The Cypriot government decided to underwrite Cyprus Popular Bank’s (CPB) capital increase of 1.8 billion EUR. CPB, which posted record losses in 2011 as a result of the Greek sovereign debt haircut, must secure by June 30 a total capital of 1.97 billion EUR to reach the Core Tier 1 capital ratio, set out by the European Banking Authority.

Speaking in a Q&A session organized by Chamber of Nicosia’s Commerce and Industry, Sharly said that such decisions are usually taken when international markets are closed.

He said that Cyprus is examining all options, including requesting financial assistance from the EFSF as well as securing a bilateral loan, adding that in any case the deadline for completing the recapitalisaion of CPB is "very close."

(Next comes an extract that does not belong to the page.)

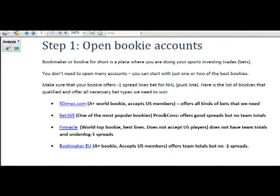You can see which bookie accepts US members, which one offers good spreads, and which bookie offers team totals that we may need in the future. So you can make your choice and open the bookie accounts.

Referring to the pressing questions as to when Cyprus will taken its final decisions with regard to the recapitalization of its banking sector, Sharly said "what I can only say is that we monitor the situation every hour, every day. Therefore I can assure that we will do it at the right moment."

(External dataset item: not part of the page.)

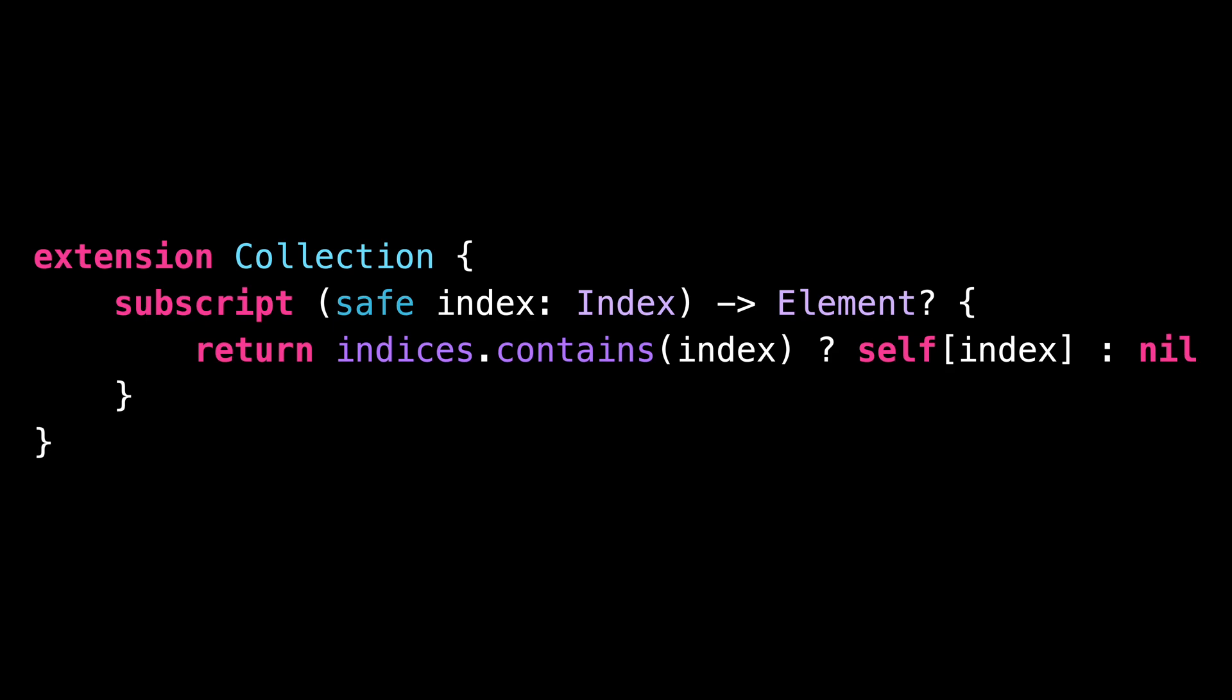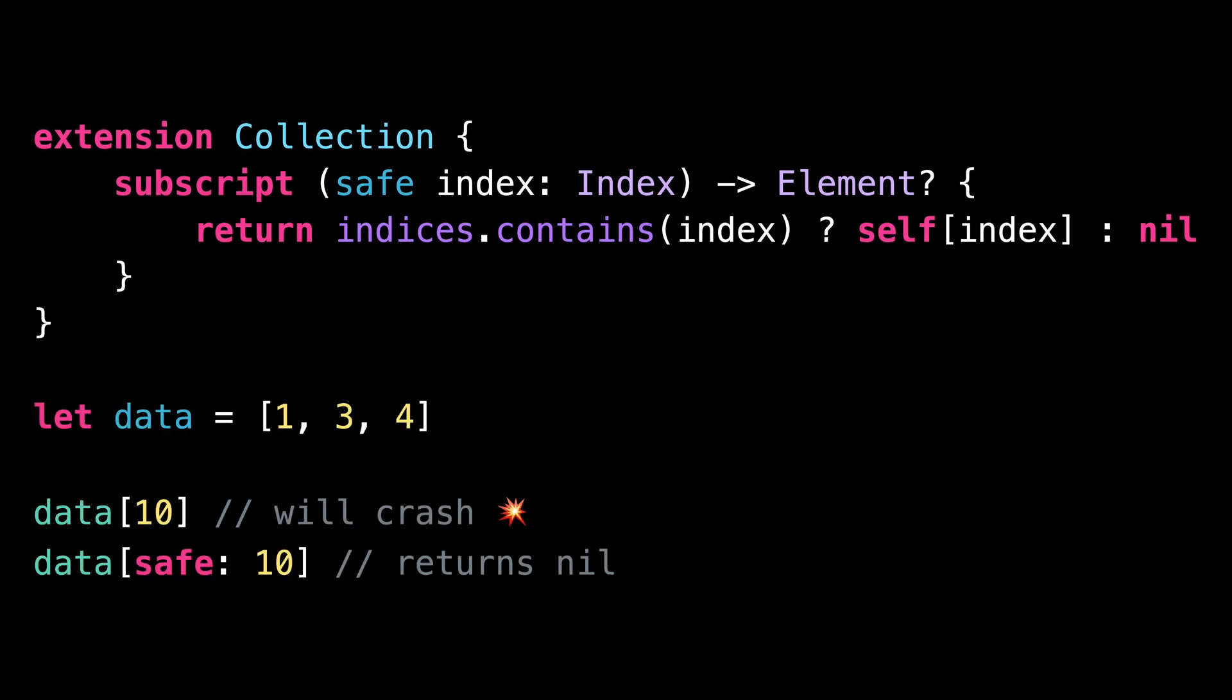which takes an index of the collection, just like the regular subscript already does, but this time with an added external argument name. And then we can call this alternate subscript instead of the regular one by using the external argument name.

Recalling that Spain took a decision to request EU financial support for shoring up its banking sector, Sharly said "in most cases these decisions are taken when the markets are closed."

Addressing the event, Sharly said that Cyprus needs to consolidate its public finances with a view to restoring its credibility among foreign investors, who are considered as one of the backbone of the economy.

On his part, Central Bank Governor Panicos Demetriades announced that the Bank in the coming months will carry out an in depth examination with the assistance of experts on the issue of the optimum size of the banking sector in Cyprus as well as on the reasons which lead to the exposure of the Cypriot banking system to the Greek sovereign debt and the Greek economy.

"We intent to learn from the mistakes of the past and to proceed with the necessary improvements to make sure that such mistakes will never be repeated," he said.

He noted that the enlargement of the banking sector in Cyprus although strategic goal which brought growth in Cyprus create "systemic risks which under the current circumstances oblige the state to support the large domestic banks in case they are facing significant financial difficulties."

"Bearing in mind the above, I have the view that the preservation of a healthy and dynamic banking sector with a manageable size so that a possible problem of an individual bank would not destabilize the financial system and would not burden the economy and the public finances should be the challenge," he stressed.

He noted that as of December 2011 the consolidated assets of the banks operating in Cyprus including the cooperative institutions was eight times bigger than Cyprus’ GDP whereas the size of the Cypriot banks including the cooperative institutions was five and a half times bigger than the Cypriot GDP.

For this reason, the Cyprus Central Bank in the coming months will examine in depth with the assistance of experts both the issue of the optimum size of our banking system as well as the issue of its structure," he concluded.